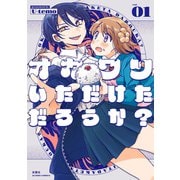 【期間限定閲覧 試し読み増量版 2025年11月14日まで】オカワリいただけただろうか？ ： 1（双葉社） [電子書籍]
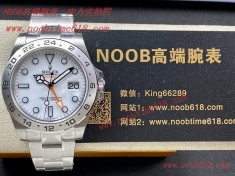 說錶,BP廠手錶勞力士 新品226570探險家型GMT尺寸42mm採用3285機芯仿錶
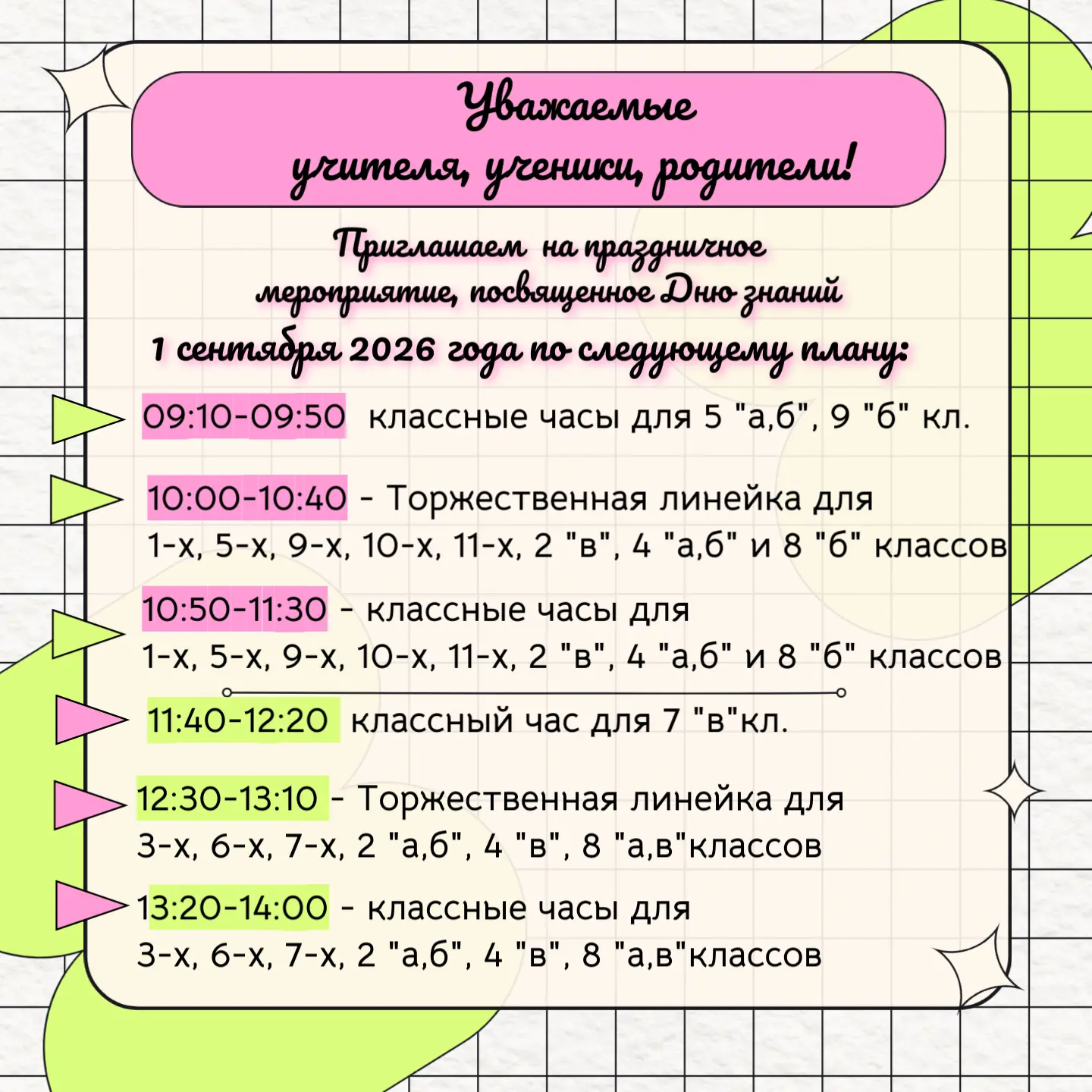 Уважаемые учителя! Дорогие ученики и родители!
==
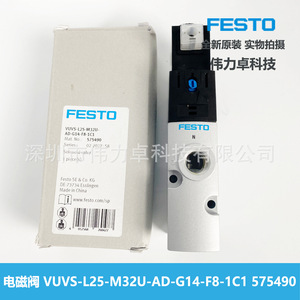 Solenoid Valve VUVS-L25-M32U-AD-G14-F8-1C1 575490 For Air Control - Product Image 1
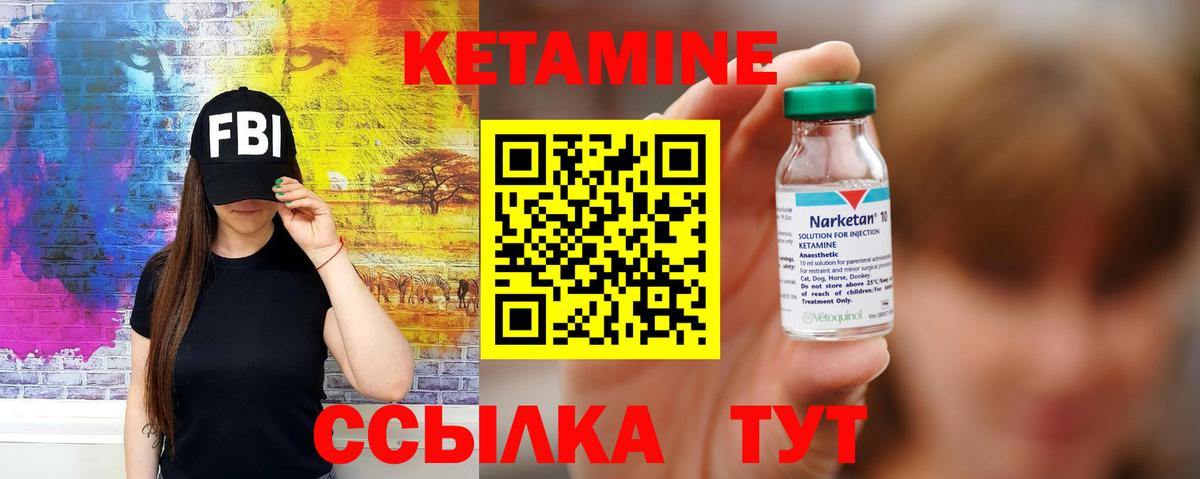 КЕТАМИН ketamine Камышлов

EXERCISE REQUIREMENTS:
Using the records above, print exactly the lines between the ones containing "2025年11月14日まで】オカワリいただけただろうか？ ： 1（双葉社） [電子書籍]" and "Уважаемые учителя! Дорогие", inclusive, and nothing else; no pictures.

WORKED SOLUTION:
 【期間限定閲覧 試し読み増量版 2025年11月14日まで】オカワリいただけただろうか？ ： 1（双葉社） [電子書籍]
 說錶,BP廠手錶勞力士 新品226570探險家型GMT尺寸42mm採用3285機芯仿錶
 Уважаемые учителя! Дорогие ученики и родители!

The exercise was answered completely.